▶ _Task statement_
Lines from the one with "1707 Bennett Avenue, Chattanooga, TN 37404" to the end of the material, both included: print them exactly and print nothing else. Omit the pictures.

━━━━━ Provided information

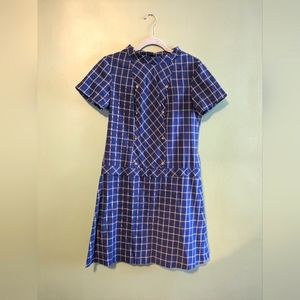 Vintage Helen Whiting dress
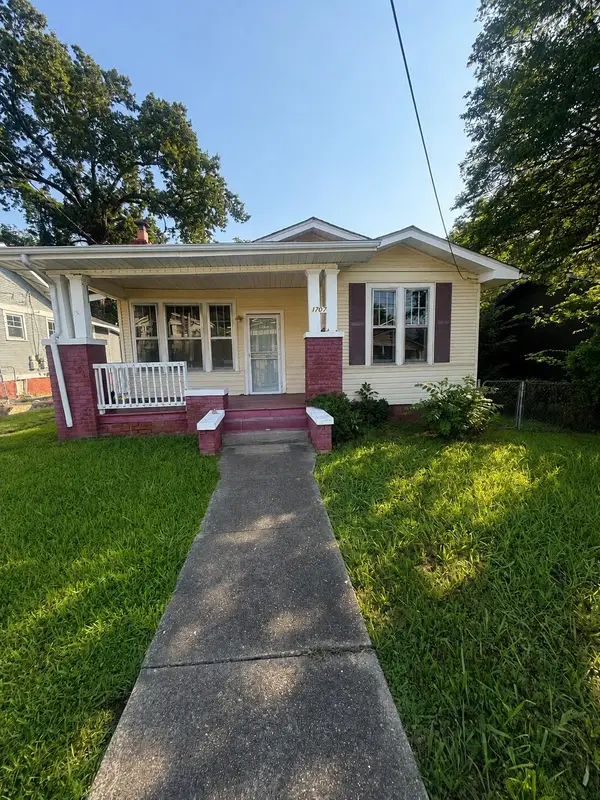 1707 Bennett Avenue, Chattanooga, TN 37404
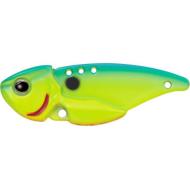Evergreen LITTLE MAX TG MUSCLE 4.5cm 3/8oz 10.5gr #28 BLUE BACK CHART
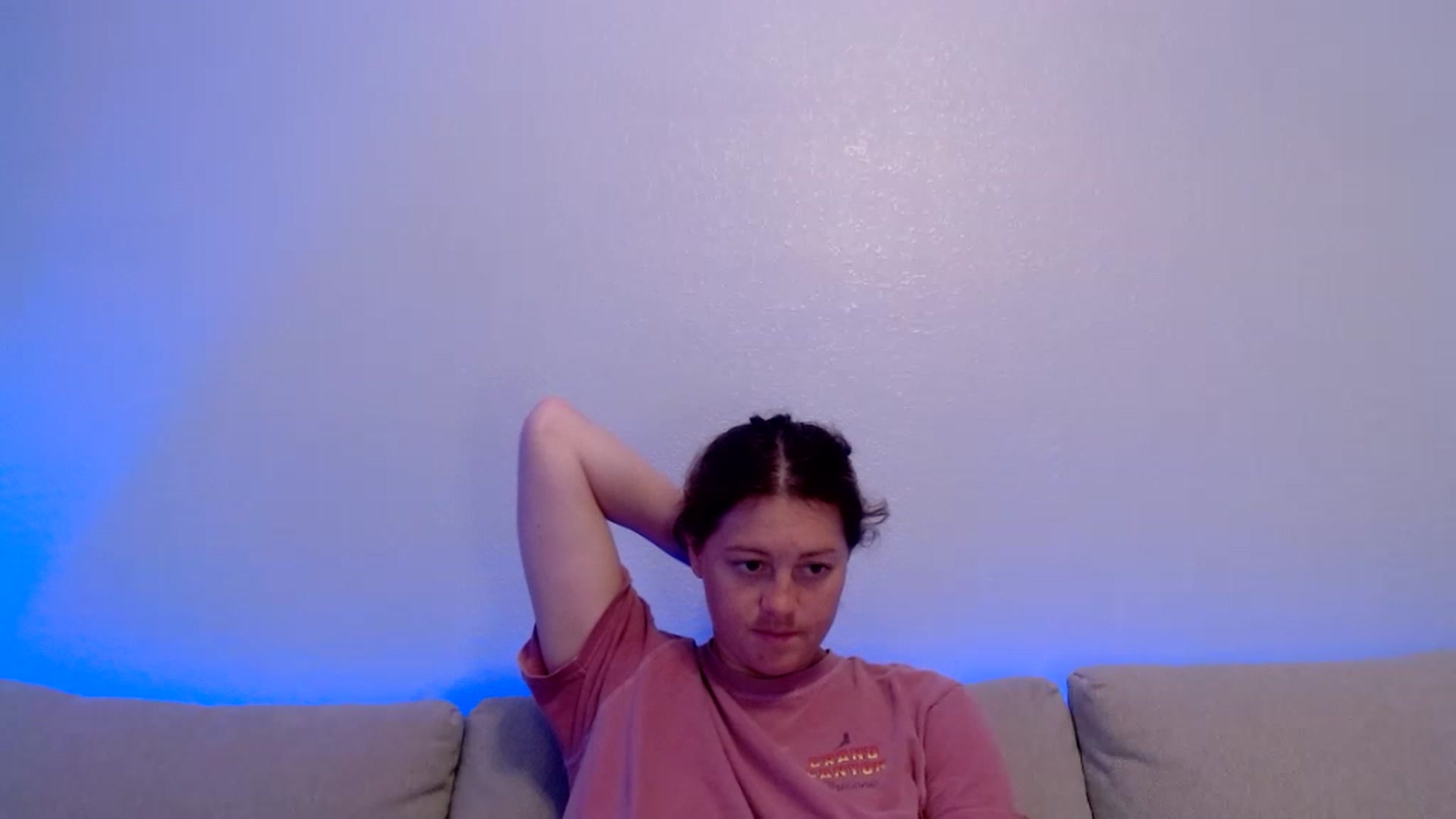 Gallery image thumbnail from Itsbecca's myfreecams stream on, 03/13/2023, 04:20 image 13 of 20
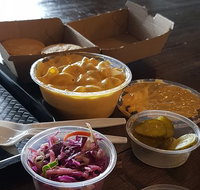 Southwest Barbecue - Restaurants Sydney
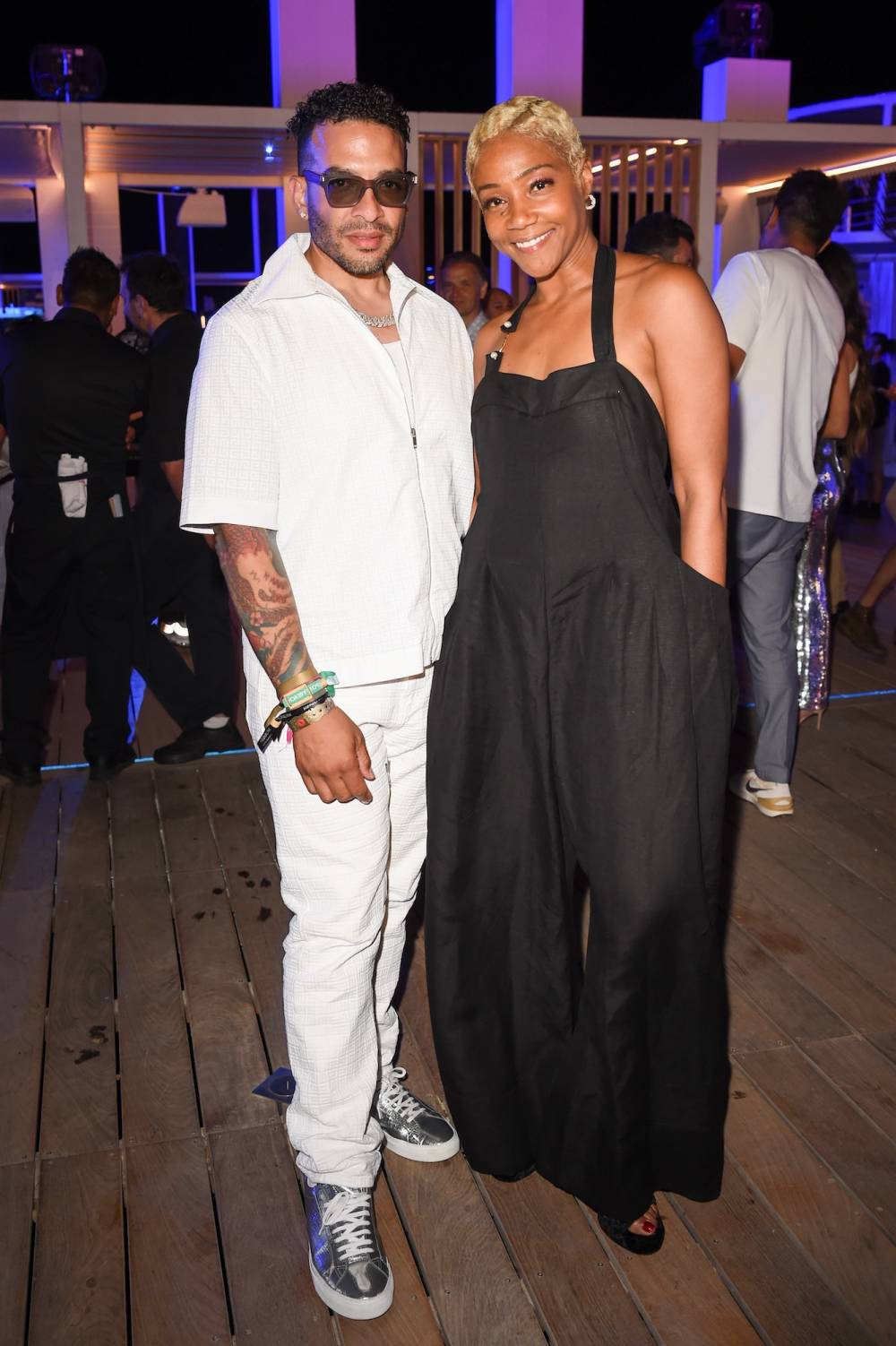 Tiffany Haddish Clarifies Baby Photo With Jason Lee, Shuts Down Pregnancy Rumors GettyImages-1500812790-Haddish.jpg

━━━━━━━━━━

▶ _Task answer_
 1707 Bennett Avenue, Chattanooga, TN 37404
Evergreen LITTLE MAX TG MUSCLE 4.5cm 3/8oz 10.5gr #28 BLUE BACK CHART
 Gallery image thumbnail from Itsbecca's myfreecams stream on, 03/13/2023, 04:20 image 13 of 20
 Southwest Barbecue - Restaurants Sydney
 Tiffany Haddish Clarifies Baby Photo With Jason Lee, Shuts Down Pregnancy Rumors GettyImages-1500812790-Haddish.jpg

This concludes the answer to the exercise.